(Supplied information Opens)
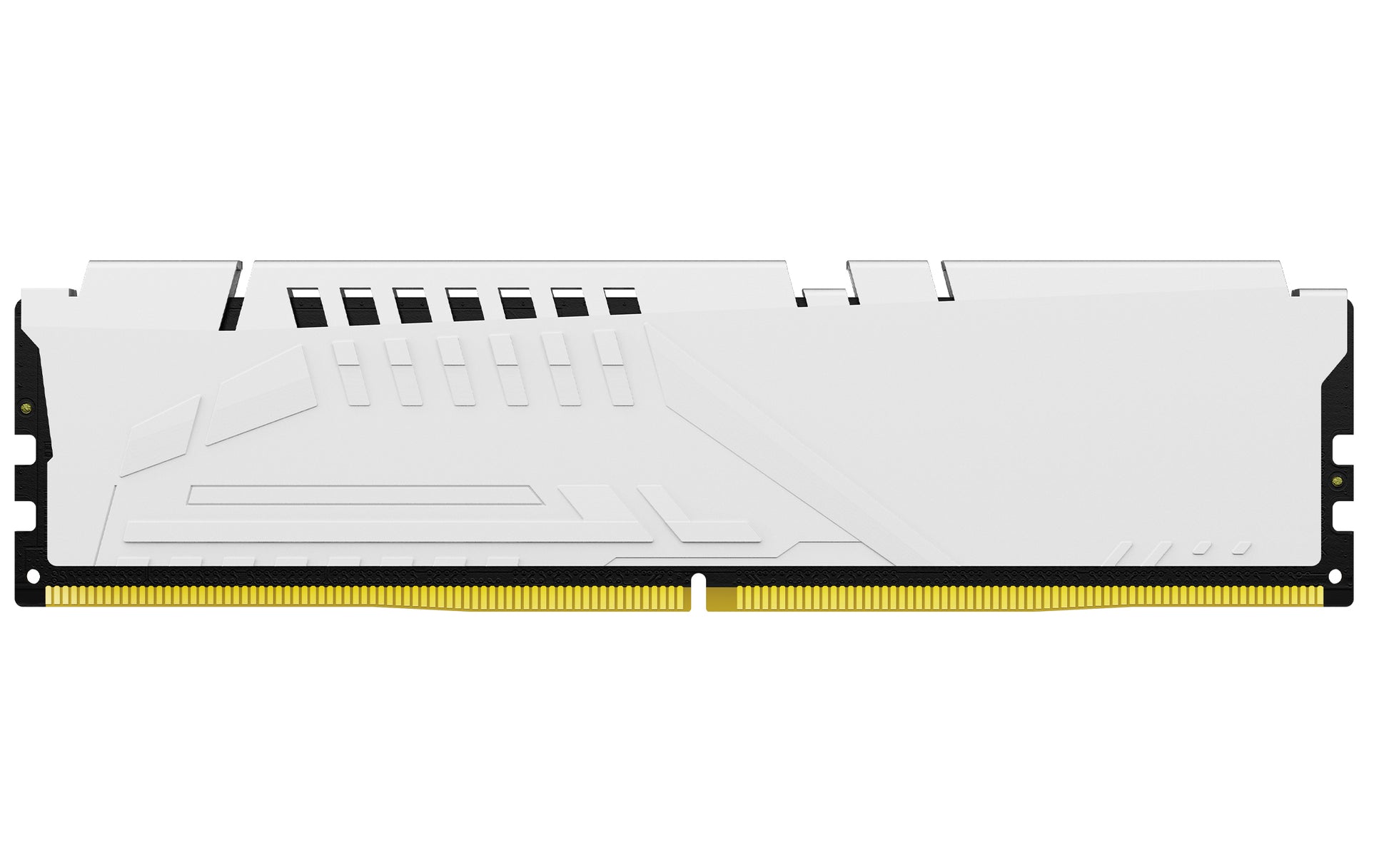 Kingston Technology Kingston FURY Beast – Arbeitsspeicher – 32 GB DDR5 6000 MT/s CL30, 288-Pin DIMM, Weiss, EXPO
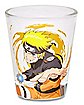 Rasengan Naruto Shot Glass - 2 oz.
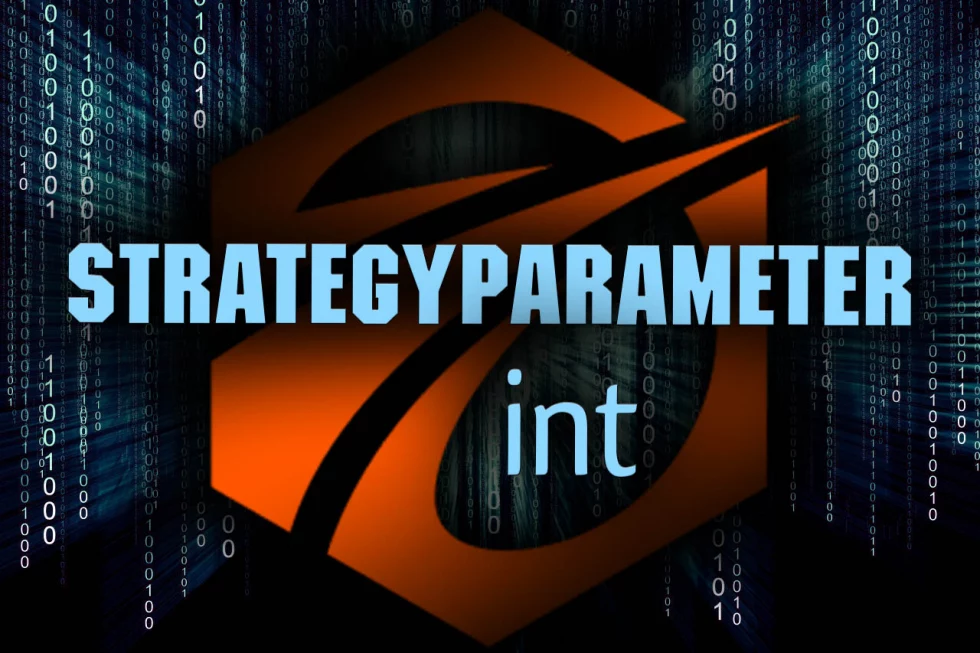 StrategyParameterInt &ndash; Description and Usage Examples in OsEngine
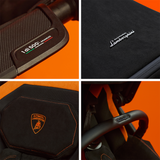Silver Cross Reef Automobili Lamborghini Arancio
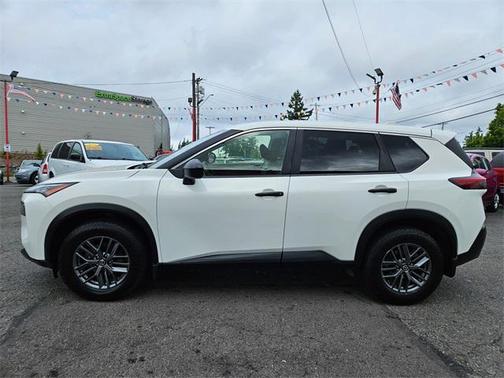 2021 Nissan Rogue S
(Supplied information Closes)
Reproduce the data above word for word and omit the images.

◆ **Answer for this exercise**:
 Kingston Technology Kingston FURY Beast – Arbeitsspeicher – 32 GB DDR5 6000 MT/s CL30, 288-Pin DIMM, Weiss, EXPO
 Rasengan Naruto Shot Glass - 2 oz.
 StrategyParameterInt &ndash; Description and Usage Examples in OsEngine
Silver Cross Reef Automobili Lamborghini Arancio
 2021 Nissan Rogue S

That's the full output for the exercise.